Coastal ProcessesDatasetBenchmark

评审与讨论

审稿意见

评分: 32025-02-26

This paper mainly focuses on the dataset construction of simulating coastal processes via the Regional Ocean Modeling System (ROMS), considering ocean, meteorological, river and static variables. The work builds a ViT-based (Vision Transformer) network to use the dataset for coastal ocean variable prediction.

update after rebuttal

Thanks for the responses about my question, and I upgrade my rating. I also suggest to provide the comprehensive literature with the analyses and comparisons to the proposed method, if it's finally accepted.

给作者的问题

What are the major differences compared to similar related works from the perspective of contributions?

论据与证据

The dataset is evaluated by customizing a ViT model, but more related models are not considered for comparison, thus the claims may not be convincing enough.

方法与评估标准

The evaluation is only conducted with the given ViT-based model without considering more related works about the oceanic and atmospheric variable prediction, so it's not convincing enough to evaluate the contributions of the dataset and model.

理论论述

This is not available for this work.

实验设计与分析

The experiments and analyses are conducted on the constructed dataset and the customized ViT-based model, but there is no comparison, thus the evaluation is insufficient to validate the contributions of this work.

补充材料

I read the appendix.

与现有文献的关系

It's helpful to build the dataset for oceanic and atmospheric variable prediction.

遗漏的重要参考文献

The oceanic and atmospheric variable prediction as well as the related datasets should be considered for discussion and comparison.

其他优缺点

The contributions are not well reflected in the current version.
The originality is about the dataset but there is no comprehensive validation on it, thus the significance is not convincing.
For the dataset, it's better to be validated via the other popular models for the correctness and soundness.

其他意见或建议

It's better to reconsider the work with comprehensive literature review.

作者回复

2025-04-01

We thank the reviewer for the thoughtful feedback and hope our responses clarify the concerns.

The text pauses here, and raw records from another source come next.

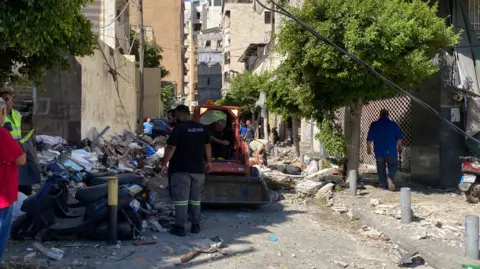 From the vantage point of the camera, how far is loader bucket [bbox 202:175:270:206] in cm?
931

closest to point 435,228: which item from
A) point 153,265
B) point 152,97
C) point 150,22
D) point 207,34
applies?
point 153,265

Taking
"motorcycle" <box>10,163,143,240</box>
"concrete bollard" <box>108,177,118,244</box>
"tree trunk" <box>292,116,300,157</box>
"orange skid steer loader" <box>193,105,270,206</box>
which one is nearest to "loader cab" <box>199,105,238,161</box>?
"orange skid steer loader" <box>193,105,270,206</box>

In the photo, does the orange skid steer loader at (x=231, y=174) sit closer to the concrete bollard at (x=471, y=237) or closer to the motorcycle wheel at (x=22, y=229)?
the motorcycle wheel at (x=22, y=229)

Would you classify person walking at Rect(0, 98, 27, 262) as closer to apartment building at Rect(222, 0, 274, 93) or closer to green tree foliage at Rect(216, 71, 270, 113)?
green tree foliage at Rect(216, 71, 270, 113)

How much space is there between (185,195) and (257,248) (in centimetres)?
131

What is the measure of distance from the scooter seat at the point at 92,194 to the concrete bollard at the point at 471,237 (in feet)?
14.8

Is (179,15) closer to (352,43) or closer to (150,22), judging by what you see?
(150,22)

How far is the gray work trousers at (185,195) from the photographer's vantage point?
24.1 feet

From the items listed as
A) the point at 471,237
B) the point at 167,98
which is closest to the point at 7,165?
the point at 471,237

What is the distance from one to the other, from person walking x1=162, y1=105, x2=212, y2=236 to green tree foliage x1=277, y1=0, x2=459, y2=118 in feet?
11.2

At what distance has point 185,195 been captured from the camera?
737 cm

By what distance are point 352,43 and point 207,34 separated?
70.8m

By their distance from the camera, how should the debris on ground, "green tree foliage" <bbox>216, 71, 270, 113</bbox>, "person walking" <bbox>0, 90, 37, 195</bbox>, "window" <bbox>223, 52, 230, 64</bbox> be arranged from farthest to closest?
1. "window" <bbox>223, 52, 230, 64</bbox>
2. "green tree foliage" <bbox>216, 71, 270, 113</bbox>
3. "person walking" <bbox>0, 90, 37, 195</bbox>
4. the debris on ground

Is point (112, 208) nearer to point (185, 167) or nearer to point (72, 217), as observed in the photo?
point (72, 217) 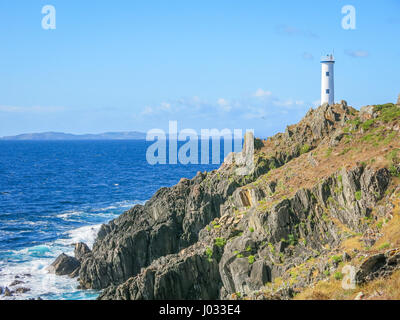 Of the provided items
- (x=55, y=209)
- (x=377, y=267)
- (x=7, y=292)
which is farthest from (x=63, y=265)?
(x=377, y=267)

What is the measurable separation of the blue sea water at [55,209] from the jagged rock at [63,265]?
2.64 feet

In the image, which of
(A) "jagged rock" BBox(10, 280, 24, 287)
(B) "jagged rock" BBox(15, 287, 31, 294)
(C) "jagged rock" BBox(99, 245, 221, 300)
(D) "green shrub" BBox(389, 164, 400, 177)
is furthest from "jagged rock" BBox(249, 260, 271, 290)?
(A) "jagged rock" BBox(10, 280, 24, 287)

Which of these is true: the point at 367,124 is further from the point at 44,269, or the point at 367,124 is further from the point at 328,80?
the point at 44,269

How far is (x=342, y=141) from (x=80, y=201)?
207ft

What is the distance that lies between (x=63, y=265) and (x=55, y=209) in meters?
34.8

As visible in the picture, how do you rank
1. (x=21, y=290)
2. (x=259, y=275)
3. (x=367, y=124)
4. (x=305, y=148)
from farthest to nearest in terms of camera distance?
(x=305, y=148)
(x=21, y=290)
(x=367, y=124)
(x=259, y=275)

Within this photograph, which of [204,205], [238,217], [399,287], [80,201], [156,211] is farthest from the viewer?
[80,201]

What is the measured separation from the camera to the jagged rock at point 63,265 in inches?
1978

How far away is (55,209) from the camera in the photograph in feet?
274

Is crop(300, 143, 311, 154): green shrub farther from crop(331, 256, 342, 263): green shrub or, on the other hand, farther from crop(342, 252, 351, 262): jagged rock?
crop(342, 252, 351, 262): jagged rock

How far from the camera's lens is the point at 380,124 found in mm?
A: 42094

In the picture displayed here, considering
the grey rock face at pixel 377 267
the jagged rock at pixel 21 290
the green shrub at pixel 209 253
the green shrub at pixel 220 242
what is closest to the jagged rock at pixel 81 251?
the jagged rock at pixel 21 290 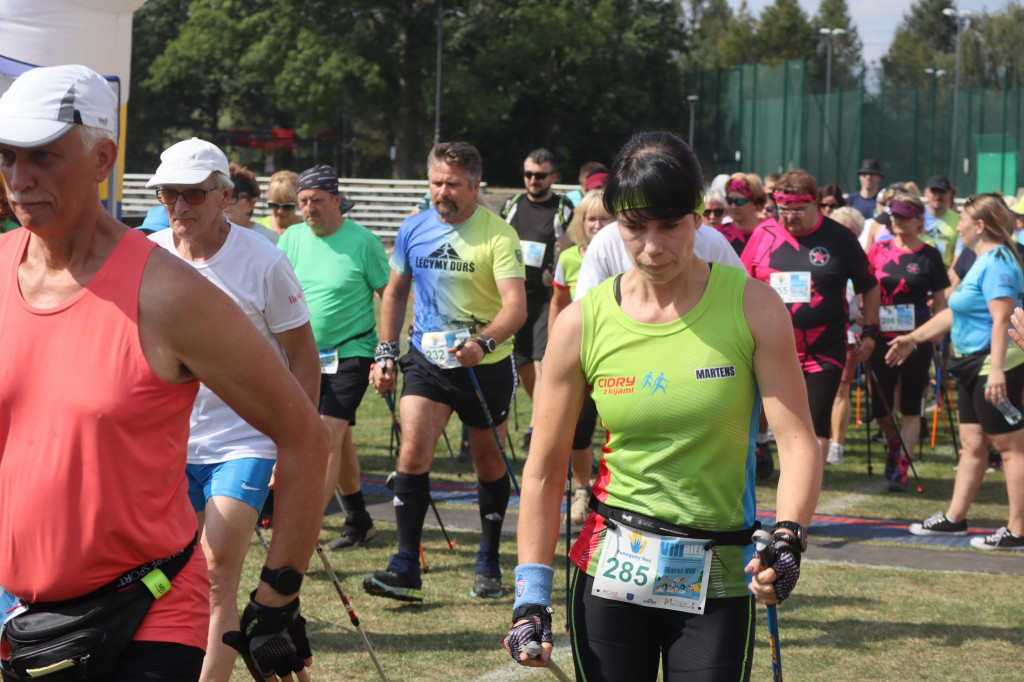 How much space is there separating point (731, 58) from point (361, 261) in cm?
8847

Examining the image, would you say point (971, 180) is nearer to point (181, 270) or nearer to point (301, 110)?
point (301, 110)

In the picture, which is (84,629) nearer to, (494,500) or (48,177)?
(48,177)

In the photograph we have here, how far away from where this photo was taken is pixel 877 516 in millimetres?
8758

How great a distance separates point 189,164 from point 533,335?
20.0ft

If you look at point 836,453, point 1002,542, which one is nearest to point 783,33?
point 836,453

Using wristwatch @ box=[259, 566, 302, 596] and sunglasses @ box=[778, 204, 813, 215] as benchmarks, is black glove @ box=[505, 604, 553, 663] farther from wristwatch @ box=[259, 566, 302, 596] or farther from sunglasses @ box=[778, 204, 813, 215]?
sunglasses @ box=[778, 204, 813, 215]

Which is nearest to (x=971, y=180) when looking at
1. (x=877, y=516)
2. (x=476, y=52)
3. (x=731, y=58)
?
(x=476, y=52)

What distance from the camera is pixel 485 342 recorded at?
6.27m

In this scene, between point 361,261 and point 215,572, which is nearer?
point 215,572

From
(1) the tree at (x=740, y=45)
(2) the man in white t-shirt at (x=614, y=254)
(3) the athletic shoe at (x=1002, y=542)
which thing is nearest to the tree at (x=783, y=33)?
(1) the tree at (x=740, y=45)

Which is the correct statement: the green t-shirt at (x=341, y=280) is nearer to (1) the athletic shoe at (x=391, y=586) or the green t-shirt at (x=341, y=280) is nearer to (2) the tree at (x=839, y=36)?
(1) the athletic shoe at (x=391, y=586)

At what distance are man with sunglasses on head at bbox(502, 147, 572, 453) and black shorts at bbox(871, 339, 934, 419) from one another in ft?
9.03

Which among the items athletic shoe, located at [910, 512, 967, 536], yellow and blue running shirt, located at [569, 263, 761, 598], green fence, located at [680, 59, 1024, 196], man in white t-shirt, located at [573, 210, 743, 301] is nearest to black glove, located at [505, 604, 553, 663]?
yellow and blue running shirt, located at [569, 263, 761, 598]

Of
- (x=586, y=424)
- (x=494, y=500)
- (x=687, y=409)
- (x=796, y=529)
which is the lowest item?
(x=494, y=500) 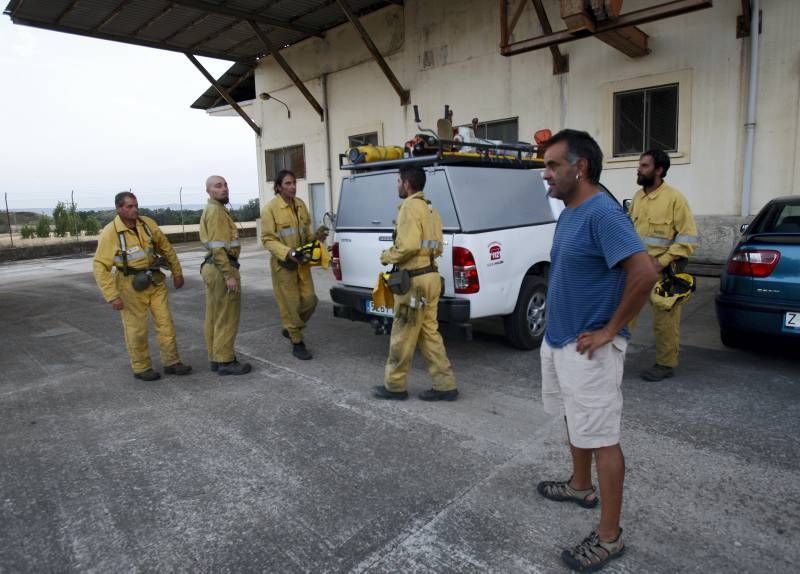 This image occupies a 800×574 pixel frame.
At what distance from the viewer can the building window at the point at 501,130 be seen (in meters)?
11.4

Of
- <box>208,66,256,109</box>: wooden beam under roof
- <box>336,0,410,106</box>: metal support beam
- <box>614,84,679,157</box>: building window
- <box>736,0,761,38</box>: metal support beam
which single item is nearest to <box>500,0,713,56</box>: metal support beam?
<box>736,0,761,38</box>: metal support beam

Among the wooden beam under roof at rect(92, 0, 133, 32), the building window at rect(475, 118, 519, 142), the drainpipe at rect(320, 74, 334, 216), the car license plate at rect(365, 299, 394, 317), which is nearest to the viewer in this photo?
the car license plate at rect(365, 299, 394, 317)

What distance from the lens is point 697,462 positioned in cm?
323

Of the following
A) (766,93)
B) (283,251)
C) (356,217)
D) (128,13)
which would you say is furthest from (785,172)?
(128,13)

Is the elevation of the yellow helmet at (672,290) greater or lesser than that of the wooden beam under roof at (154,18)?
lesser

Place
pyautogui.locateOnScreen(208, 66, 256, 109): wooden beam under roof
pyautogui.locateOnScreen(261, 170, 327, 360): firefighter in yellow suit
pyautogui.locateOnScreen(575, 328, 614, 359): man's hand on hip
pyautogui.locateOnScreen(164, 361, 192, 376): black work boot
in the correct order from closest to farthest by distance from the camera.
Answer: pyautogui.locateOnScreen(575, 328, 614, 359): man's hand on hip < pyautogui.locateOnScreen(164, 361, 192, 376): black work boot < pyautogui.locateOnScreen(261, 170, 327, 360): firefighter in yellow suit < pyautogui.locateOnScreen(208, 66, 256, 109): wooden beam under roof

Related Models: Thank you for raising this important point. We agree that baselines are important. To our knowledge, no existing deep learning method is specifically designed for complex regional coastal processes, so we plan to include a 3D U-Net as a baseline in the final version. Due to the large scale of our dataset, we were unable to complete this comparison for the rebuttal. If there are specific baselines you recommend, we welcome your suggestions and will aim to include them.

Related Datasets: We include a comparison table of representative works on regional coastal ocean modeling, highlighting that existing datasets are generally smaller in scale and focus on simpler processes with limited variable coverage.

Dataset Source & Reference	Region/Domain	Spatial Resolution	Temporal Resolution	Time Span	Variables
Kumar & Leonardi (2023)	Morecambe Bay, UK	~1 km	Hourly	500 storm simulations	Wave height, depth, sediment
Ishida et al. (2020)	Japan	0.25° (~25 km)	1 hour	40 years (1979–2019)	Wind speed, pressure
Melo et al. (2021)	Idealized XBeach	~1–10 m	10 min	7 days	Bed level, flow, sediment
Wei et al. (2021)	South China Sea	~1 km	Hourly	1 year	Wave fields, wind speed
O'Donncha et al. (2019)	U.S. West Coast	~1–2 km	Hourly	1 year	Wave fields, wind speed
CoastalBench (Ours)	Charlotte Harbor, USA	~100 m	30 min	10 years (2008–2017)	Wave fields, temperature, salinity, air pressure, temperature, humidity, rainfall, sun radiation, wind speed, etc.

Kumar, P., & Leonardi, N. (2023). A novel framework for the evaluation of coastal protection schemes through integration of numerical modelling and artificial intelligence into the Sand Engine App.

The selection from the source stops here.